## Instructions for the task
Below this line are records; transcribe exactly the lines between the one holding "Iconographie Du Genre" and the one holding "Dorothy - Bed", inclusive, and omit the pictures.

## Records for the task
:::::
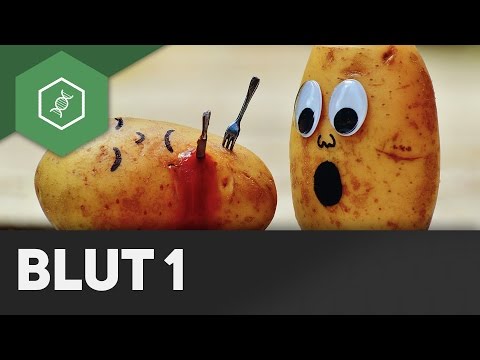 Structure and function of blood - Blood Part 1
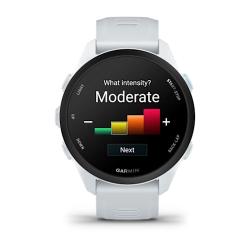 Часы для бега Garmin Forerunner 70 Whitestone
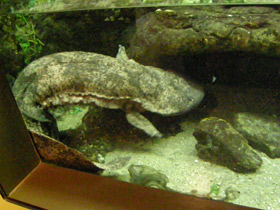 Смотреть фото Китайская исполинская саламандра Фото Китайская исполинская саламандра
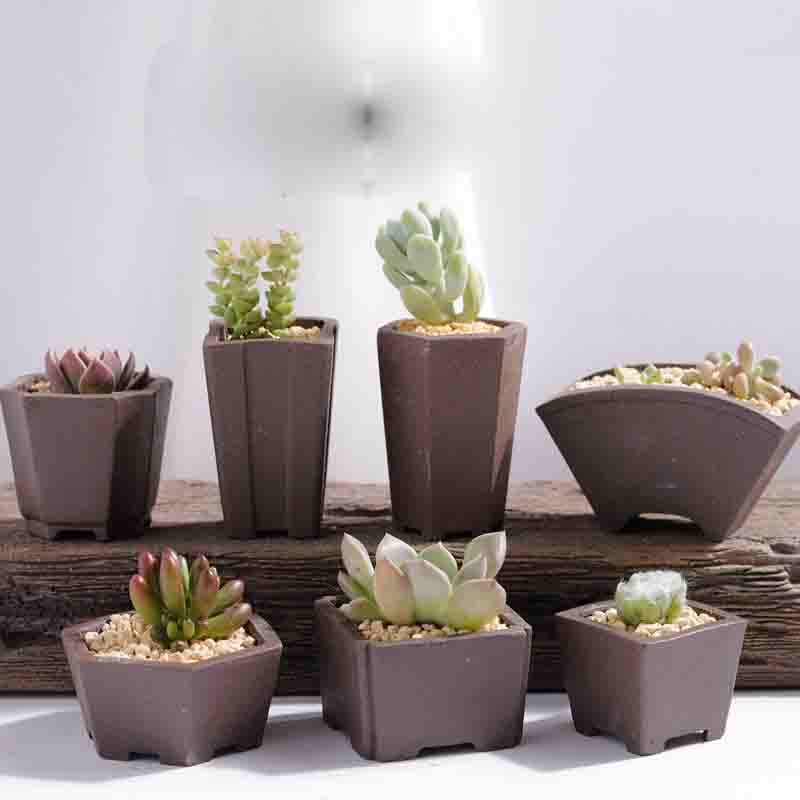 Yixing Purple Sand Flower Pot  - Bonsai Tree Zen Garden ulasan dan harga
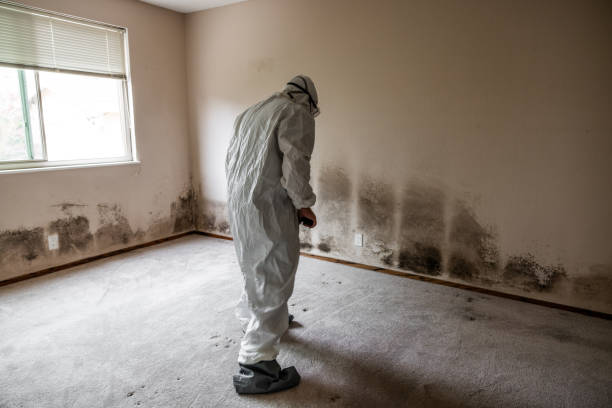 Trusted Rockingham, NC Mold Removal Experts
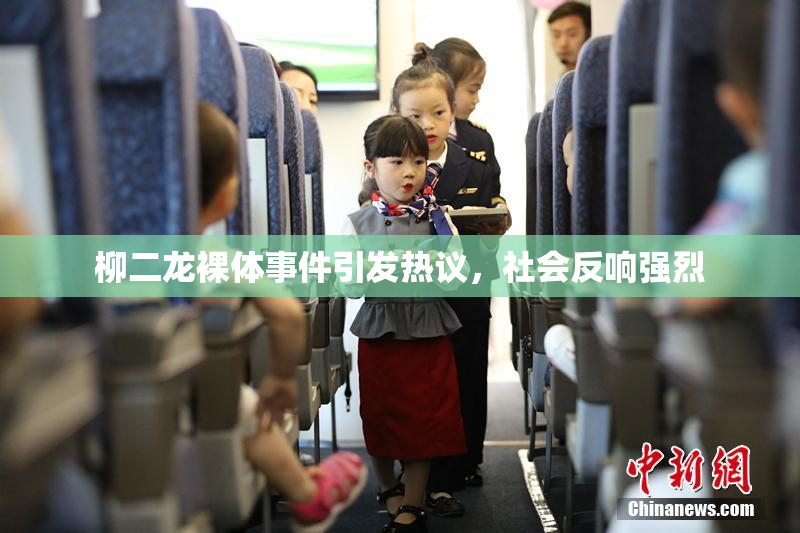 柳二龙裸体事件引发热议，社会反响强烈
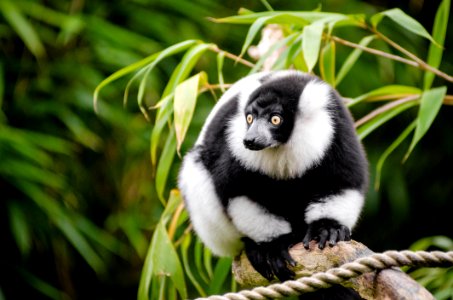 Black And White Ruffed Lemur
:::::
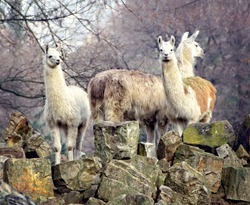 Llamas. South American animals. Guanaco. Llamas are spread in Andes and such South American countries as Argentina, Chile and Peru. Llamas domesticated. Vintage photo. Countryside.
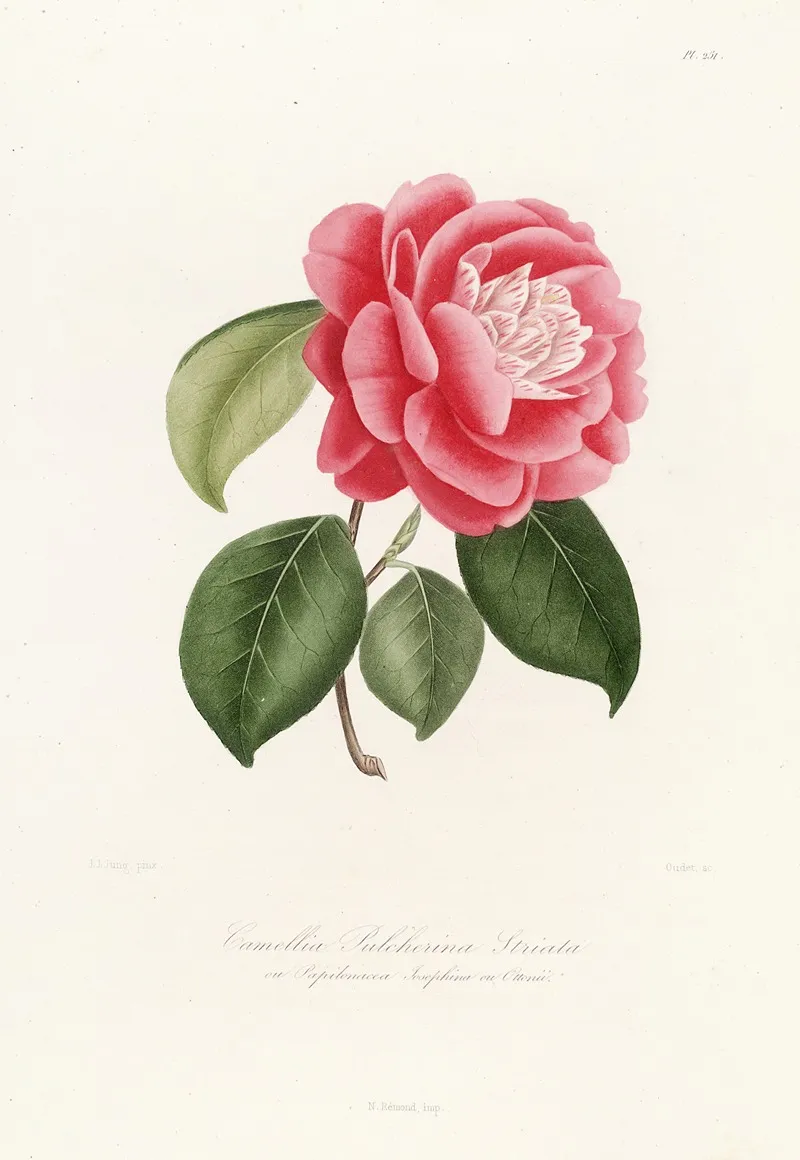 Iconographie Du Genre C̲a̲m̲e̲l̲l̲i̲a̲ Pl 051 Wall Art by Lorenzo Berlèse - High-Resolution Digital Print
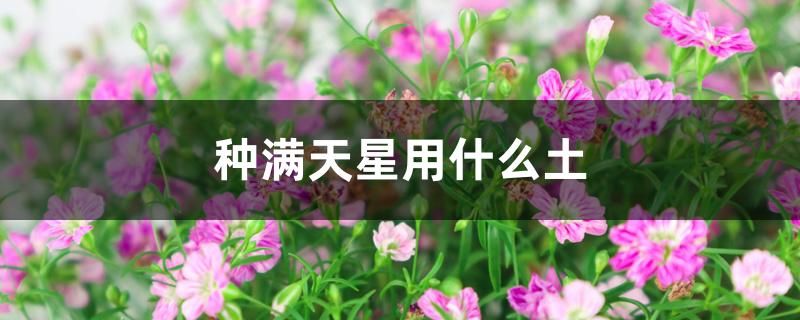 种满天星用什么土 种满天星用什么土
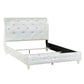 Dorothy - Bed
:::::
## Result of the task
 Iconographie Du Genre C̲a̲m̲e̲l̲l̲i̲a̲ Pl 051 Wall Art by Lorenzo Berlèse - High-Resolution Digital Print
 种满天星用什么土 种满天星用什么土
 Dorothy - Bed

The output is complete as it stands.